Image from canada.com
The first time I saw Elizabeth Hay was at the Sunshine Coast Festival of the Written Arts in Sechelt a few years back. This festival, which has just celebrated its thirtieth anniversary, is a great place to get up close and personal with writers who read there.
On a sunny morning, as Hay was signing books and chatting to readers, I overheard her mention a bakery in Toronto where she liked to buy fresh bread in the morning. This made her so accessible, especially as the woman whose book she was signing also knew and liked the bakery.

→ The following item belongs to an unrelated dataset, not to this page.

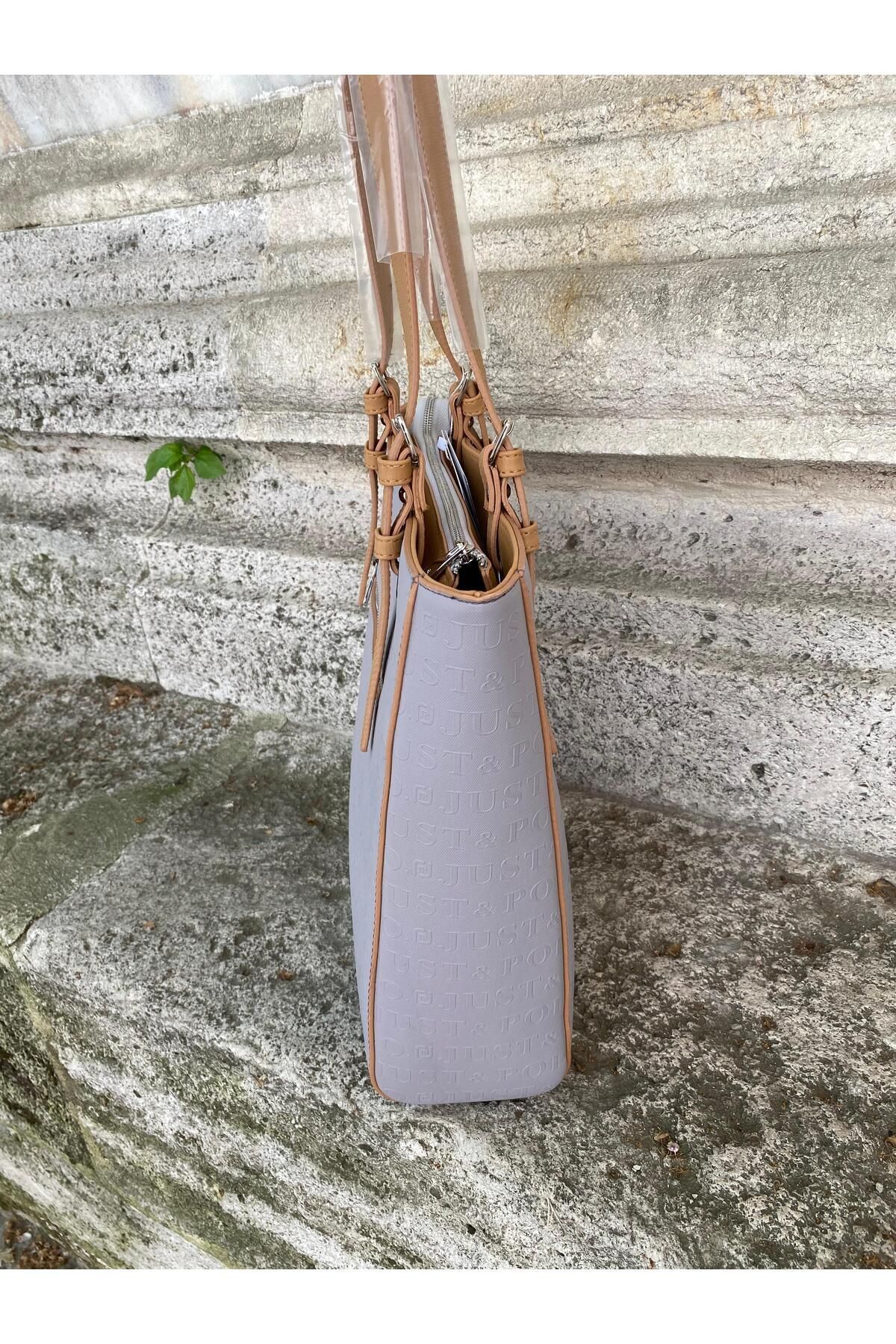 Just Polo Büyük Boy Tote Bag Kadın Omuz Çantası - Gri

At the time, I was waiting to have the author sign Garbo Laughs, a title I found irresistible. I later read it while on vacation in Mexico and it made a strong impression. This book was nominated for the Governor-General's Award and recognized in the honours lists of the Globe and Mail, Macleans and Quill and Quire.
A Student of Weather (2000) was another of Hay's talked-about books. It was nominated for the Giller and won the Marion Engel Award.

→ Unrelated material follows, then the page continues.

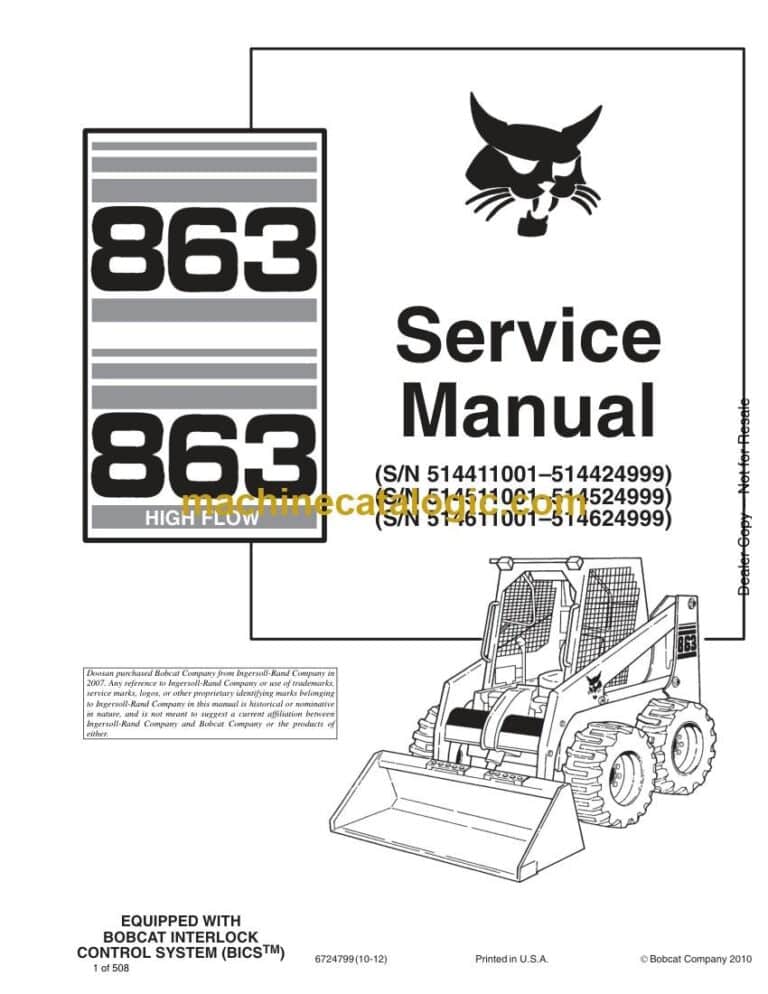 Bobcat 863 Loader Service Manual (SN 514511001-514524999)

Late Nights on Air, a novel about radio, is set in Yellowknife, in the Canadian North. Published by McClelland and Stewart, it won the Giller Prize in 2007, and was reviewed in glowing terms in Walrus and is featured in her author profile in Quill and Quire. Podcasts of the story from CBC Between the Covers can be accessed on the website.
Hay's latest novel, Alone in the Classroom (2011), takes place in 1929 in a small rural school. According to the author's website, it shows the "urgency of discovering what we were never told about the past."
Elizabeth Hay has also written for magazines and worked in radio.